Richard Shears, Daily Mail (London), October 24, 2013
Taunted and tormented, a female orangutan is cruelly mocked by villagers who have captured her and turned her into an afternoon’s entertainment.
Alone with no water or food, she is surrounded by a circle of jeering humans.
When she tries to break free, to run back to the jungle in western Borneo where she lives with other members of her endangered species, a cable around her waist holds her back.
The good news for this particular orangutan is that thanks to a British animal charity she has been rescued and will soon be released into a safe area.
But her plight shows why environmentalists fear they have years of work ahead of them in educating remote villages about the need to protect, not capture or kill, these animals whose numbers are falling dramatically.

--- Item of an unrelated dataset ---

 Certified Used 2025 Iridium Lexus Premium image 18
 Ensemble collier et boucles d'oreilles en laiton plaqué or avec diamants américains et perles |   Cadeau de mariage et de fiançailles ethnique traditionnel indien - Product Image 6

About 100 years ago it was thought there were 315,000 orangutans in the wild but today there are less than 54,000 in Borneo and only around 6,000 on the Indonesian island of Sumatra.
The population has declined because of the spread of palm oil plantations, the products of which include soaps and perfumes that are sold in Western high street stores.
The spread of humans, who chop down trees to make room for their villages, has also reduced their numbers.
This orangutan had made her way to remote Tempurkan village looking for food and was caught and pinned down by six people on land cleared for a rice plantation.
She was dragged back to the village and the degradation began. She could only sit as families left their huts and others rode in from other areas on their motorcycles to stare or laugh at the sad captive.
The scene bordered on torture of a helpless animal.
At one point, a pole was erected so she could clamber up–to the added amusement of the crowd.
But one of the villagers thought it had all gone too far and decided the torment should stop.
He contacted Argitoe Ranting, who works for the British charity International Animal Rescue. Mr Ranting found the orangutan tied up on the side of a road and called in a team to rescue her.
They sedated her and then moved her to a rescue centre. The orangutan has been named Ael–Saint–and will be released into the wild when a safe area in the forest can be found for her.
Meanwhile, the villagers have been told that catching and keeping an orangutan is against the law in Indonesia–as well as being cruel and degrading treatment of such a majestic wild animal.